Une étude publiée jeudi dans la revue scientifique Journal de médecine de la Nouvelle-Angleterre, la plus importante menée sur le sujet et basée sur des données de 16 pays différents, confirme que dans la grande majorité (95%) des cas récents, la maladie s’est transmise lors de contacts sexuels et 98% des personnes concernées étaient des hommes homosexuels ou bisexuels.
“Ce mode de transmission représente à la fois une opportunité de mettre en œuvre des interventions de santé publique spécifiques et un défi, car dans certains pays, les communautés touchées sont confrontées à une discrimination qui menace leur vie.” Le Dr Tedros avait soulevé devant le comité d’experts jeudi. “Il y a une réelle inquiétude que les hommes qui ont des rapports sexuels avec des hommes soient stigmatisés ou blâmés pour l’augmentation des cas, ce qui rend beaucoup plus difficile de les retrouver et de les arrêter.” il a prévenu
Vacciner les personnes les plus à risque
Vendredi, l’Agence européenne des médicaments a déclaré qu’elle avait approuvé l’utilisation d’un vaccin antivariolique humain pour étendre son utilisation contre la propagation de la variole. En fait, ce vaccin est déjà utilisé à cette fin dans plusieurs pays, dont la France. Le vaccin Imvanex, de la société danoise Bavarian Nordic, est approuvé dans l’UE depuis 2013 pour la prévention de la variole.

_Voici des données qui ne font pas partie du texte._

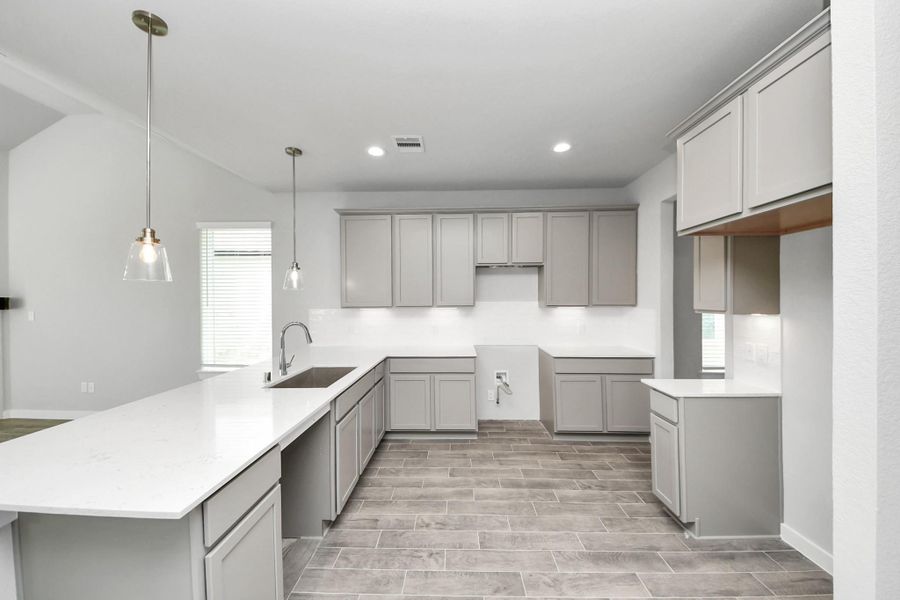 The kitchen is a culinary haven, featuring granite countertops, a tile backsplash, stainless steel appliances, 42” upper cabinets, and undercabinet lighting. Sample photo of completed home with similar floor plan. Actual colors and selections may vary. The kitchen is a culinary haven, featuring granite countertops, a tile backsplash, stainless steel appliances, 42” upper cabinets, and undercabinet lighting. Sample photo of completed home with similar floor plan. Actual colors and selections may vary.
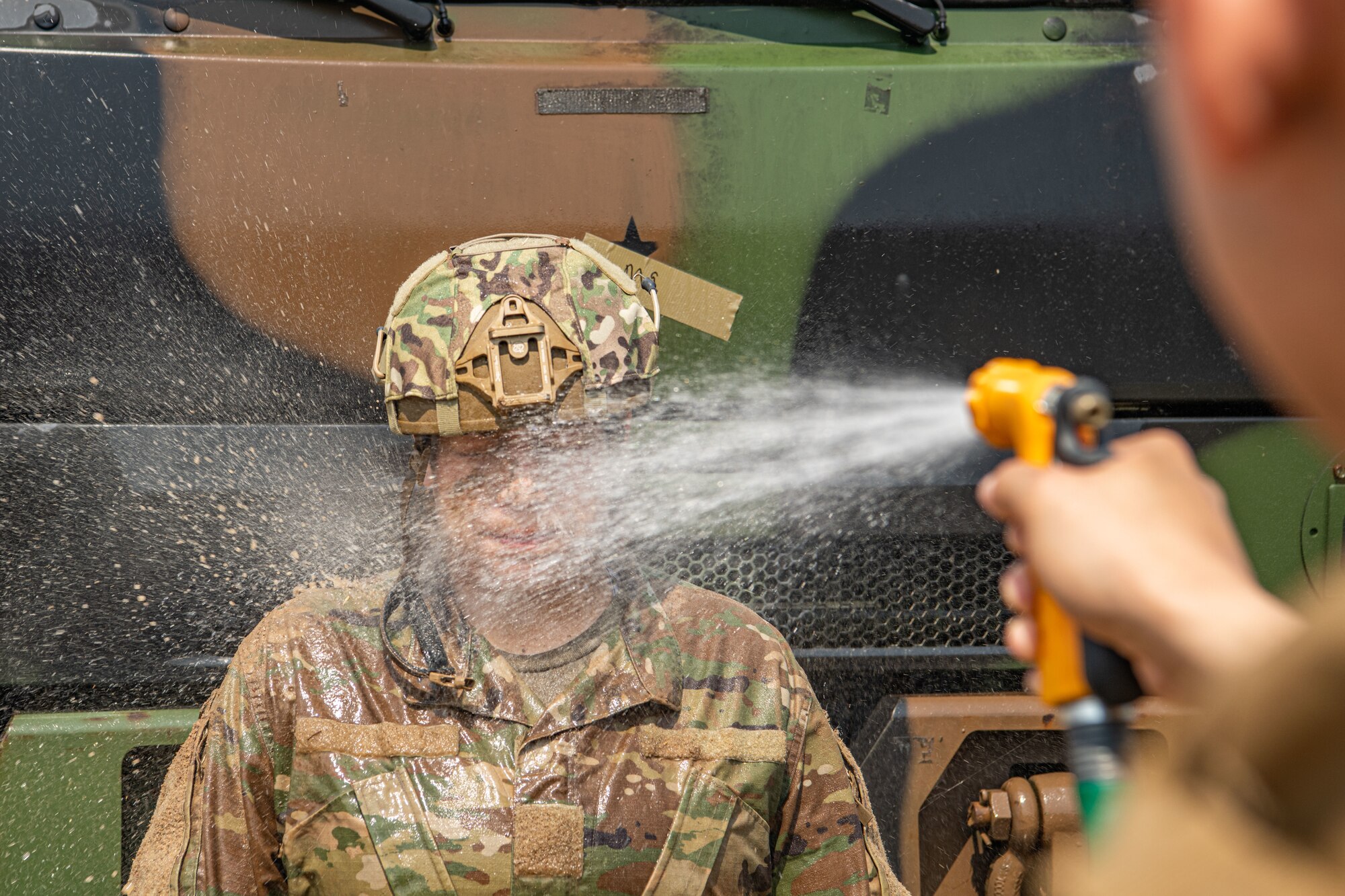 Staff Sgt. Laura Maciel Arciga, 8th Security Forces Squadron Investigation Section investigator, gets cleaned up after competing in the Defender Challenge during Police Week 2022 at Kunsan Air Base, Republic of Korea, May 17, 2022. During this week, Airmen from the 8th Fighter Wing participated in a myriad of activities to pay tribute to fallen law enforcement officers; to include a memorial run, rifle competition and relay challenge. (U.S. Air Force photo by Staff Sgt. Jesenia Landaverde)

L’OMS recommande de vacciner les personnes à haut risque, ainsi que les personnels soignants susceptibles d’être en contact avec la maladie. À New York, des milliers de personnes ont déjà été vaccinées avec le vaccin Jynneos. En France, après des semaines sans communication, le ministère de la Santé a finalement indiqué que 30 000 doses de vaccin monkeypox avaient été retirées des stocks stratégiques, dont plus de 20 000 déjà envoyées sur le terrain. C’est dix fois moins que le nombre de doses – 300 000 – nécessaires selon l’association Aides pour vacciner toutes les personnes à risque. Au 8 juillet, environ 3 000 vaccins avaient été administrés, selon les informations du site Têtu.com.